Michopoulos Vasiliki, Powers Abigail, Moore Carla, Villarreal Stephanie, Ressler Kerry J, Bradley Bekh
Department of Psychiatry and Behavioral Sciences, Emory University School of Medicine, 49 Jesse Hill Jr. NE, Atlanta, GA 30303, USA; Yerkes National Primate Research Center, Atlanta, GA, USA.
Department of Psychiatry and Behavioral Sciences, Emory University School of Medicine, 49 Jesse Hill Jr. NE, Atlanta, GA 30303, USA.
Appetite. 2015 Aug;91:129-36. doi: 10.1016/j.appet.2015.03.036. Epub 2015 Apr 9.

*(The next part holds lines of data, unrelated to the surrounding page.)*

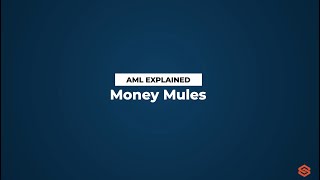 Money Mules l AML Explained 23 [upl. by Akirre]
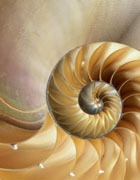 ������ �������� �������� � ����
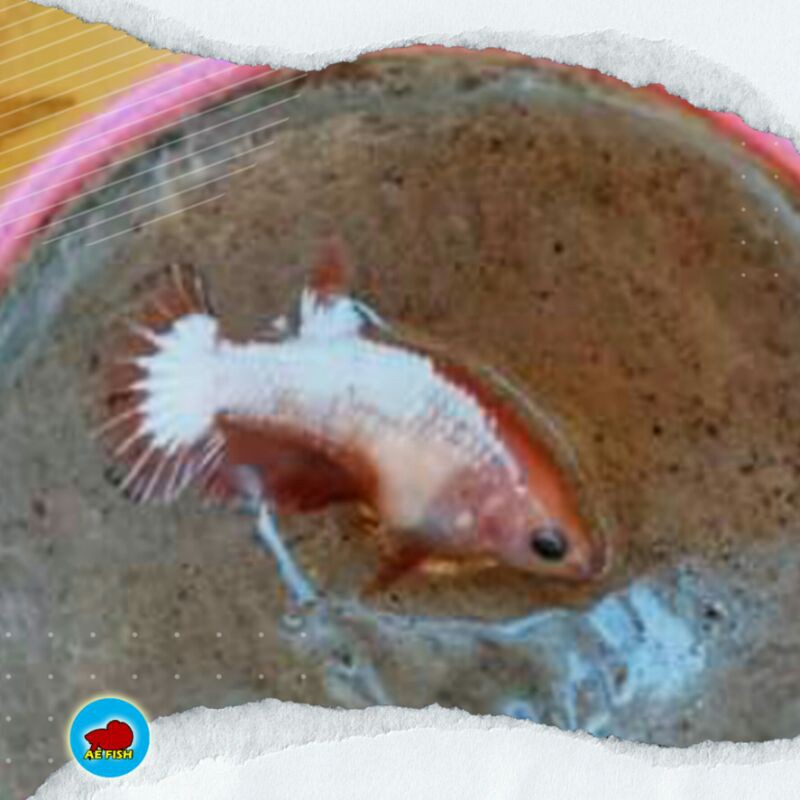 Ikan cupang famale/betina fccp red head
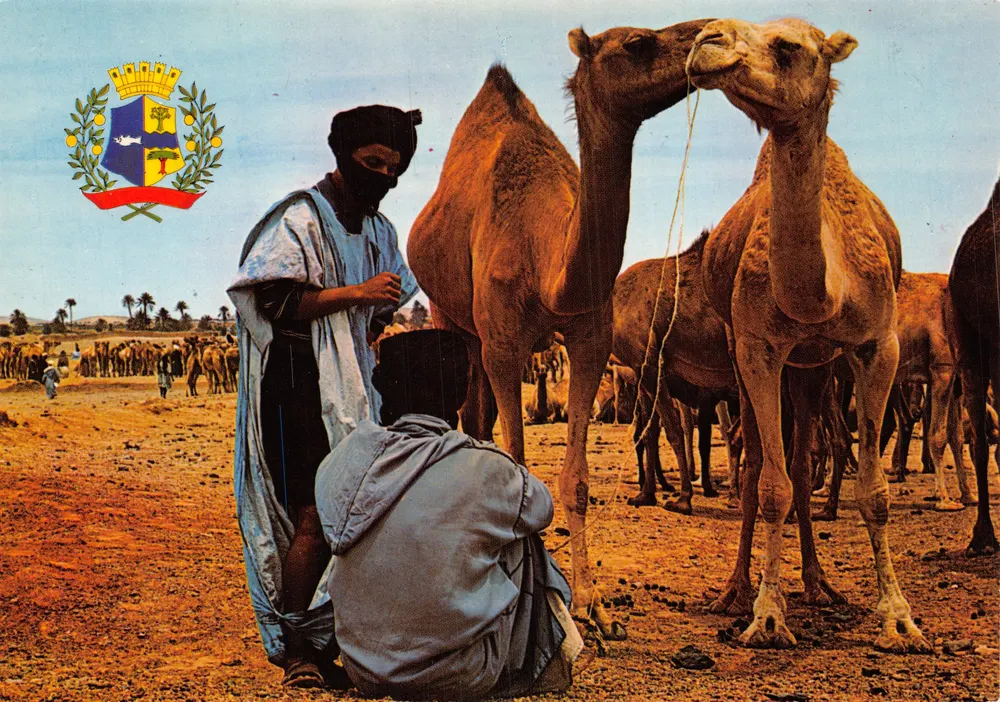 Marché des chameaux — Asir près de Goulimine — Éditeur JEFF - Recto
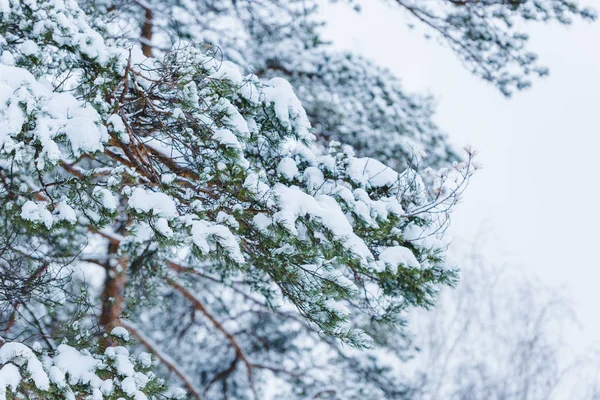 Närbild Snö Täckta Grenar Vinterparken — Stockfoto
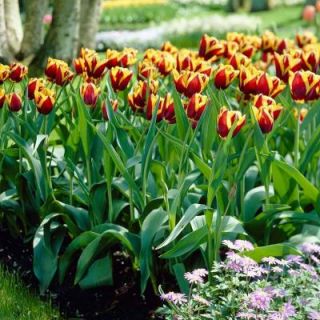 Tulip Gavota Dormant Bulbs (20 Pack) DISCONTINUED 70156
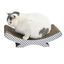 Leeby Remy Rocker arranhador de cartão horizontal com padrão vichy para gatos, , large Indicador imagem número 6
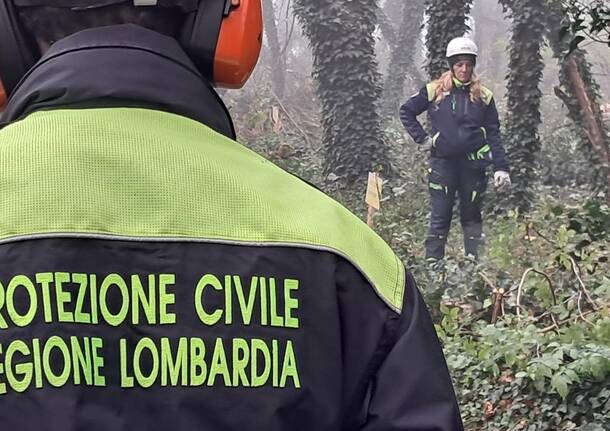 Maxi esercitazione di Protezione Civile, a Parabiago volontari all'opera per il taglio boschivo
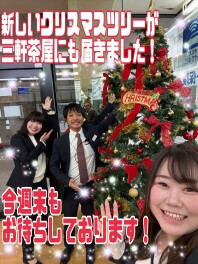 新しいクリスマスツリーが届きました！！！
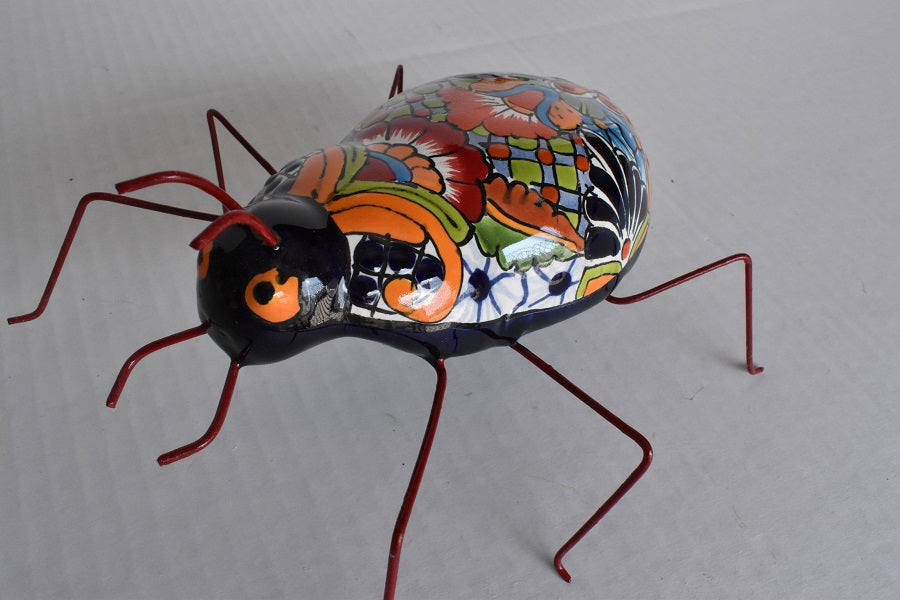 COLLECTION TALAVERA BEETLES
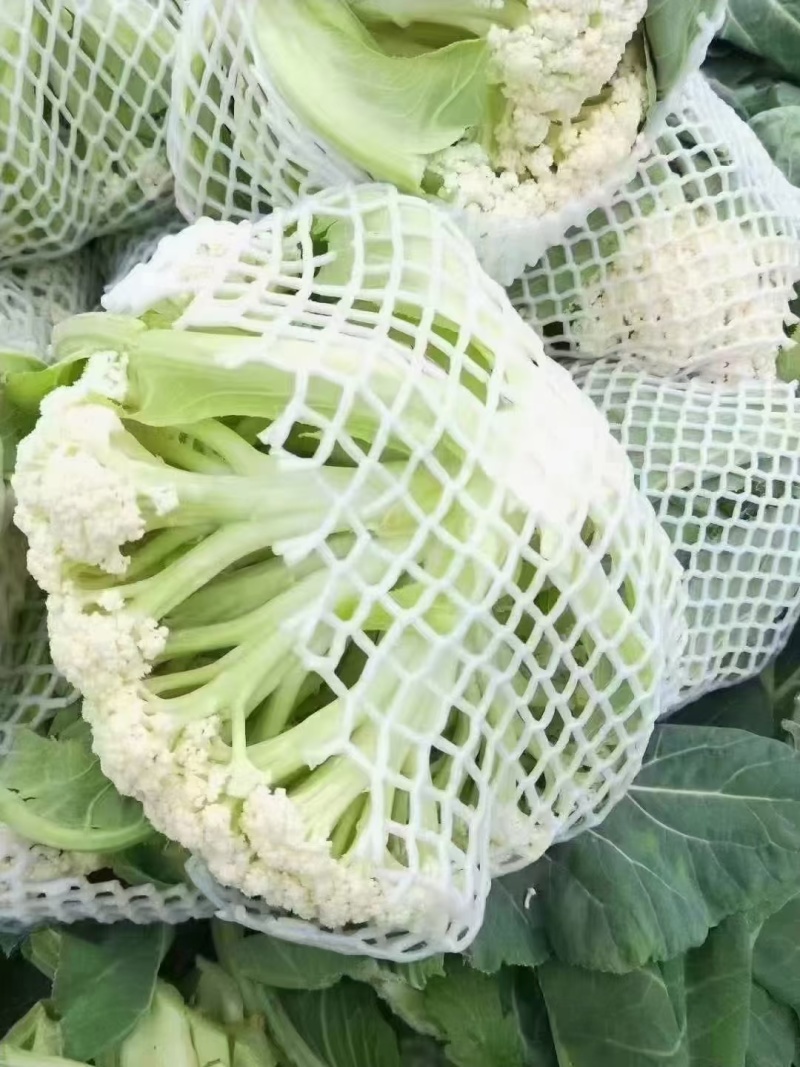 【全年供应】有机花菜小米松花品质保证可对接商超市场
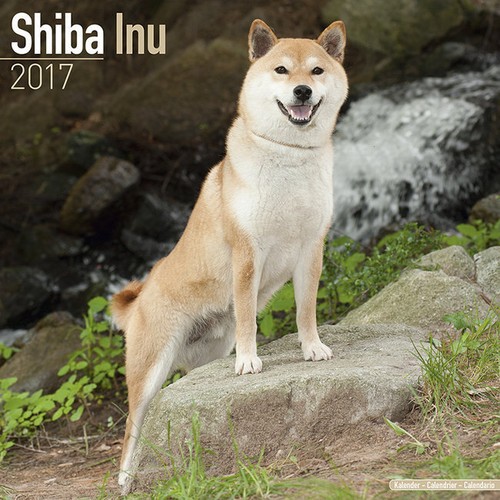 Calendrier 2017 shiba inu - shiba,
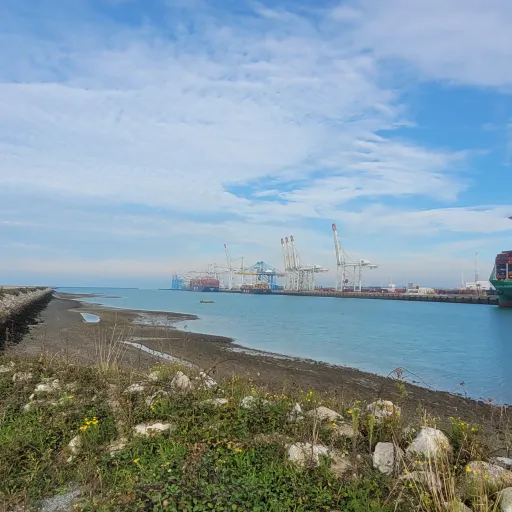 Contenainer Terminal Le Havre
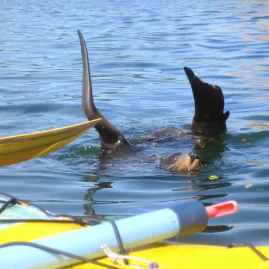 Seal swimming near a yellow kayak in the Marlborough Sounds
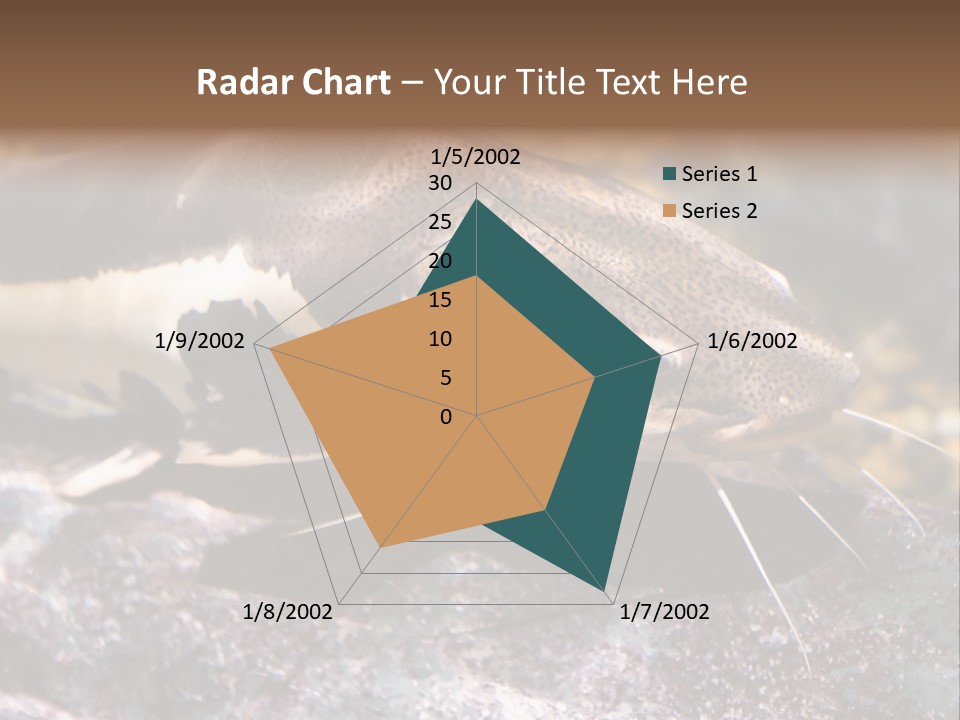 Close Up Of A Large Catfish PowerPoint Template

Exposure to childhood adversity is implicated in the etiology of adverse health outcomes, including depression, posttraumatic stress disorder (PTSD), and obesity. The relationship between childhood trauma and obesity may be related to the association of childhood trauma and risk for emotional eating. One pathway between trauma exposure, psychopathology, and emotional eating may be through emotion dysregulation and depression. The current study was undertaken to characterize demographic, environmental, and psychological risk factors for emotional eating in a primarily African American, low socioeconomic status (SES), inner-city population (N = 1110). Emotional eating was measured using the Dutch Eating Behavioral Questionnaire and the Emotional Dysregulation Scale was used to assess emotion regulation. The Beck Depression Inventory and the modified PTSD Symptom Scale were used to assess depression and PTSD, respectively. Higher levels of emotional eating were associated with body mass index, income, childhood and adulthood trauma exposure, depressive and PTSD symptoms, negative affect and emotion dysregulation. Childhood emotional abuse was the most associated with emotional eating in adulthood. Hierarchical linear regression and mediation analyses indicated that the association between childhood trauma exposure (and emotional abuse specifically) and emotional eating was fully mediated by depression symptoms and emotion dysregulation, with emotional dysregulation contributing more to the mediation effect. Together these findings support a model in which obesity and related adverse health outcomes in stress- and trauma-exposed populations may be directly related to self-regulatory coping strategies accompanying emotion dysregulation. Our data suggest that emotion dysregulation is a viable therapeutic target for emotional eating in at-risk populations.
童年时期经历逆境与包括抑郁症、创伤后应激障碍(PTSD)和肥胖症在内的不良健康结果的病因有关。童年创伤与肥胖之间的关系可能与童年创伤和情绪化进食风险的关联有关。创伤暴露、精神病理学和情绪化进食之间的一条途径可能是通过情绪失调和抑郁症。本研究旨在描述主要为非裔美国人、社会经济地位较低(SES)的市中心人群(N = 1110)中情绪化进食的人口统计学、环境和心理风险因素。使用荷兰饮食行为问卷测量情绪化进食,并使用情绪失调量表评估情绪调节。分别使用贝克抑郁量表和改良的创伤后应激障碍症状量表评估抑郁症和创伤后应激障碍。较高水平的情绪化进食与体重指数、收入、童年和成年期的创伤暴露、抑郁和创伤后应激障碍症状、负面情绪和情绪失调有关。童年期情感虐待与成年期情绪化进食的关联最为密切。分层线性回归和中介分析表明,童年创伤暴露(特别是情感虐待)与情绪化进食之间的关联完全由抑郁症状和情绪失调介导,情绪失调对中介效应的贡献更大。这些发现共同支持了一个模型,即压力和创伤暴露人群中的肥胖症及相关不良健康结果可能直接与伴随情绪失调的自我调节应对策略有关。我们的数据表明,情绪失调是高危人群中情绪化进食的一个可行治疗靶点。